Almost a quarter of final-salary schemes are now shut to both new and existing staff, up from 17 per cent last year and compared with just 3 per cent in 2008, new figures from the National Association of Pension Funds (NAPF) show. Less than a fifth of private sector final-salary arrangements are open to new employees, down from 88 per cent a decade ago.
The NAPF’s annual survey also revealed that three in ten firms with final-salary schemes still open to existing staff plan to close them in the next five years.
And it warned that more closures are inevitable as employers wrestle with growing demographic and funding pressures.
Joanne Segars, chief executive of the NAPF, said: “The private sector is seeing a seismic shift in its pensions, and more change is certain. Final-salary deals are coming off the table and are either being watered-down or replaced altogether.
“Many firms are trying to get a grip on the risks and rising costs by freezing the fund to both new and existing staff.”
Of the few firms that do plan to continue providing final-salary pensions, one in ten intends to make them less generous, with some moving to the career average earnings structure proposed for the public sector.
Graeme Mitchell, managing director at Lowland Financial in Galashiels, believes final-salary pensions in the private sector are heading for extinction.
“I imagine very few existing schemes are not underfunded and either hoping for an improvement in markets, encouraging people to leave the scheme or planning to close it altogether. The nails are in the coffin and private sector final-salary pensions are on the way out, sadly.”
Up to a quarter of a million private sector workers have been moved out of their final-salary pension over the last three years alone, according to the NAPF. The majority have been shifted into defined-contribution (money purchase) schemes, where returns depend on contributions and investment performance.

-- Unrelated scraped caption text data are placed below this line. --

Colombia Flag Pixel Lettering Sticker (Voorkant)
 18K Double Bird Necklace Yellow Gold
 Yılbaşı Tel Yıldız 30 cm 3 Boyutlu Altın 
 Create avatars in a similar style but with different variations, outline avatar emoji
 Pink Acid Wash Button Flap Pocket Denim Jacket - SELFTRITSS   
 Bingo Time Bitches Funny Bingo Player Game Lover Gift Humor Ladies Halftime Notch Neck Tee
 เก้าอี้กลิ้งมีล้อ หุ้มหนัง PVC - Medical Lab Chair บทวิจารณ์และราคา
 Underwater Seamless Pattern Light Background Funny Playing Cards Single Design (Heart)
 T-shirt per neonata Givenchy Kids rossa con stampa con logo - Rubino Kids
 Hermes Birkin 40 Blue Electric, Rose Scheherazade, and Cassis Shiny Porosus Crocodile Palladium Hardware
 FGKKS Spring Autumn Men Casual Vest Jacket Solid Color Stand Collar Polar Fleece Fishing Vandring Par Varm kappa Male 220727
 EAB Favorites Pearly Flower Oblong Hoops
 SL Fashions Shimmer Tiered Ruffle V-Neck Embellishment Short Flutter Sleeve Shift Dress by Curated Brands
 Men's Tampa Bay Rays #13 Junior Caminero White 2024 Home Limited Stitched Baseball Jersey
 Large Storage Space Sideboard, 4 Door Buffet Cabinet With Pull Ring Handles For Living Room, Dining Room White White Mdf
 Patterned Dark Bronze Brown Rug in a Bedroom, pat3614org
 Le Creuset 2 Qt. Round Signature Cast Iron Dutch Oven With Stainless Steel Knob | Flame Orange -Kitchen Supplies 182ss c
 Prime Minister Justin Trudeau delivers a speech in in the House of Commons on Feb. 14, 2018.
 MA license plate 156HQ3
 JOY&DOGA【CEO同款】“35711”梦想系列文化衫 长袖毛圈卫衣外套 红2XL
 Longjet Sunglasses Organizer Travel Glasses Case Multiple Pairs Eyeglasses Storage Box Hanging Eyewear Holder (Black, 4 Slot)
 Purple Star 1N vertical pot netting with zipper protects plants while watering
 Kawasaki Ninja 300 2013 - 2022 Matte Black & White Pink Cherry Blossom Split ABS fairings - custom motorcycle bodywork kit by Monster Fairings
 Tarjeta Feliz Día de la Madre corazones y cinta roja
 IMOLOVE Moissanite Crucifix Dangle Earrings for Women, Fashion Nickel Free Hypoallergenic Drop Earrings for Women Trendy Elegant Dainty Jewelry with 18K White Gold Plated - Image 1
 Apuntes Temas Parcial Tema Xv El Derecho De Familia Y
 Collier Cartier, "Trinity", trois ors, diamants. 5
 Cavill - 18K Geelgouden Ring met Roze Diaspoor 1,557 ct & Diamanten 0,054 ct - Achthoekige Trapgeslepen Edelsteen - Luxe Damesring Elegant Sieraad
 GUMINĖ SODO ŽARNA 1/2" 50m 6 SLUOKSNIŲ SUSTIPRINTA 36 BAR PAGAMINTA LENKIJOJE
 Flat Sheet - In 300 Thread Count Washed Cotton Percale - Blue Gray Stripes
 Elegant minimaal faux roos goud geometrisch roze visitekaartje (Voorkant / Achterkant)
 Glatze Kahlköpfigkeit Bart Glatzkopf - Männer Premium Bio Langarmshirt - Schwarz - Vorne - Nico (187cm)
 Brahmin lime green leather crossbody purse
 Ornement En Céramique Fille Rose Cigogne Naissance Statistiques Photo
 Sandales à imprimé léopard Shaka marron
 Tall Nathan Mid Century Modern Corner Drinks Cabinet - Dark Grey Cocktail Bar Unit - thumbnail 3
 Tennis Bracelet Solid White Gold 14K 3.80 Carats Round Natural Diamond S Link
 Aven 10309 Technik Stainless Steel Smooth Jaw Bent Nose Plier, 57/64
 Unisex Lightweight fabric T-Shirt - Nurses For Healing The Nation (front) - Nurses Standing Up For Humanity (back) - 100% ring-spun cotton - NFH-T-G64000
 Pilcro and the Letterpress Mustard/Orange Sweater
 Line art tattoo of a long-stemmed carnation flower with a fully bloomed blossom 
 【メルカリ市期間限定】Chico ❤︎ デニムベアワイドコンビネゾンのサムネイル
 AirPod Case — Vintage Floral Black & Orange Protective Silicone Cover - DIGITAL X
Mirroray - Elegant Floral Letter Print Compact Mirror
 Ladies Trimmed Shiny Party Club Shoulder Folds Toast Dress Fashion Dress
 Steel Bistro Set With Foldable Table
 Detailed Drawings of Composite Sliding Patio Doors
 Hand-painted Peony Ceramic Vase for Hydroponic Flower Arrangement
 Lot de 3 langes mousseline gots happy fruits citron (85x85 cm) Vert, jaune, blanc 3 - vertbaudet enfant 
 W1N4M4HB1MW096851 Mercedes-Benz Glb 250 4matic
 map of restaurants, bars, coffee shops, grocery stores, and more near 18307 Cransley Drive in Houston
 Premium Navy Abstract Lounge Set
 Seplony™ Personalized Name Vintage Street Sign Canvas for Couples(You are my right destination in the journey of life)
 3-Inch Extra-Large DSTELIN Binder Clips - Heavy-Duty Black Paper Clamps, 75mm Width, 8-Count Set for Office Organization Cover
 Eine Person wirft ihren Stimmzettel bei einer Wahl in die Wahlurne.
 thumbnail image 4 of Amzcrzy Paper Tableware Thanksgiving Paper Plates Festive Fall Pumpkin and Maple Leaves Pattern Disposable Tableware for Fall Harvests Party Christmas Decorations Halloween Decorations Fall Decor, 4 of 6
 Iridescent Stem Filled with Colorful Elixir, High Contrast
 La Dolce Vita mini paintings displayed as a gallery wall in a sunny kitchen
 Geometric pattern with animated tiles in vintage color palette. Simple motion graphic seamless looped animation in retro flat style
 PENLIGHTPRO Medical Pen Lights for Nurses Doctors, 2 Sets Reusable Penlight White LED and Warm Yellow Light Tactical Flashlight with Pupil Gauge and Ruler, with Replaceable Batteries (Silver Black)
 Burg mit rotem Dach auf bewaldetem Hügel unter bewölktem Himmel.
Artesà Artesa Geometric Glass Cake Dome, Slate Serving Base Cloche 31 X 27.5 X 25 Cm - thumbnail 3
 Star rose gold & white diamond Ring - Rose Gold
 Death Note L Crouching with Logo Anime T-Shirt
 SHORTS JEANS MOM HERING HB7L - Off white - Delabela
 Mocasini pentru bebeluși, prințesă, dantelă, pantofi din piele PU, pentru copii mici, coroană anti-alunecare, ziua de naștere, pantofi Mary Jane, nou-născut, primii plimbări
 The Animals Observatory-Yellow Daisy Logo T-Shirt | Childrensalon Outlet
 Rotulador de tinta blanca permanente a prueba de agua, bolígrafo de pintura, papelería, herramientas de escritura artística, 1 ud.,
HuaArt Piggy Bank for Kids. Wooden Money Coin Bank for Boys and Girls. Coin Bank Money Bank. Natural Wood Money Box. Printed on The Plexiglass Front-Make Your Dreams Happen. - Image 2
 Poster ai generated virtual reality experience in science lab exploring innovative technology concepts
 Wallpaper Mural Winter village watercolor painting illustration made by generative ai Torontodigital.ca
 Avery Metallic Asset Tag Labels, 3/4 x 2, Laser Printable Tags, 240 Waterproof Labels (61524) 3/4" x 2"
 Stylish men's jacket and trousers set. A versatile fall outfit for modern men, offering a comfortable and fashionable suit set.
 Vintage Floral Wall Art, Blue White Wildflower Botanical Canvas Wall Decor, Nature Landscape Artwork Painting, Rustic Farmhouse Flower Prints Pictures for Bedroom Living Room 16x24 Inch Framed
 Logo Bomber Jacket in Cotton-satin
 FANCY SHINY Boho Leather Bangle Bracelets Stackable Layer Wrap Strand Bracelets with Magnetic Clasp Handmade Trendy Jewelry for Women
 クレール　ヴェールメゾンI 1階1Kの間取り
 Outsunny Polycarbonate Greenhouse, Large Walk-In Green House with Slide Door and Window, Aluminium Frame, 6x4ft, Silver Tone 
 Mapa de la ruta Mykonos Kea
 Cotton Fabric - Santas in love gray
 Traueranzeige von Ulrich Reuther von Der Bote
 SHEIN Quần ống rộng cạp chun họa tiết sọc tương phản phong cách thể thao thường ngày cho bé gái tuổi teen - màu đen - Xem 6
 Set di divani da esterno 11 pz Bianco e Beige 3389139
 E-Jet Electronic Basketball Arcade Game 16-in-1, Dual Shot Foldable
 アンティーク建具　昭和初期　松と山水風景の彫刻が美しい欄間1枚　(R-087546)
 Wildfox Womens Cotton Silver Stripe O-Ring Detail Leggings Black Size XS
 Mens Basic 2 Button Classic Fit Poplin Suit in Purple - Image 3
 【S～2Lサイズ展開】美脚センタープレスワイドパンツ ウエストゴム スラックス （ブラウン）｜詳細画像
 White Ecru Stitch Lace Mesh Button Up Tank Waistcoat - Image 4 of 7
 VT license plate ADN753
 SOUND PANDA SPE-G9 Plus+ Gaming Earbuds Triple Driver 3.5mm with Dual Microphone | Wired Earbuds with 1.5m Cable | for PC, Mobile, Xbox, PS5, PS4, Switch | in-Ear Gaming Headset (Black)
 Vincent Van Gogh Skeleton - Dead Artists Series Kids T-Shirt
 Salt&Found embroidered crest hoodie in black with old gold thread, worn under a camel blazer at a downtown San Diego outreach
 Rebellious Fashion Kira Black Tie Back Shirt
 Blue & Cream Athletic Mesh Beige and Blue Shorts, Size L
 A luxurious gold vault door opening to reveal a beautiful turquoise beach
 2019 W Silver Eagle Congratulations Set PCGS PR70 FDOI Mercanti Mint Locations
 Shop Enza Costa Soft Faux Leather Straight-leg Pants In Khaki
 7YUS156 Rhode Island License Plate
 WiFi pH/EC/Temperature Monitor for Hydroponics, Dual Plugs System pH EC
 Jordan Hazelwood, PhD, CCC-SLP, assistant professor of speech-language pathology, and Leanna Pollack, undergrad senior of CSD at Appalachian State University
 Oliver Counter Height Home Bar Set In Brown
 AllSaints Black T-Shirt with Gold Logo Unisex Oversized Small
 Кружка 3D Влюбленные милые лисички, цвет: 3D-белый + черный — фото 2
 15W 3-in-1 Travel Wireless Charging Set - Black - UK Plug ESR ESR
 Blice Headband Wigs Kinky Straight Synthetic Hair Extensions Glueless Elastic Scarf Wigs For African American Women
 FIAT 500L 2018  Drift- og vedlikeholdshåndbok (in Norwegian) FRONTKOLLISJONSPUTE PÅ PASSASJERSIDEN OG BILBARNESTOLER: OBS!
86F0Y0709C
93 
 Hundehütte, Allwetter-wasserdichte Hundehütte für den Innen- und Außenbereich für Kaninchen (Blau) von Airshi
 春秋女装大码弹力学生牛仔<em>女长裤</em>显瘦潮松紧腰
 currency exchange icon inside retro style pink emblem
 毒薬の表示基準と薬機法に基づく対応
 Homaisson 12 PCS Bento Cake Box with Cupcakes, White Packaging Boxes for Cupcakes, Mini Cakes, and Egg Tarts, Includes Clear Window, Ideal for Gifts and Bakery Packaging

Segars said: “People will often find that the replacement pension on offer is a good one. It’s encouraging to see that, despite the harsh economic climate, payments into defined-contribution pensions by staff and their employers have remained stable.”
But the NAPF’s latest report comes just days after consultants Mercer revealed that employer payments to defined-contribution pensions has stalled after ten successive years of growth, while average member contributions have plunged from 4.6 to 4.2 per cent in the past year.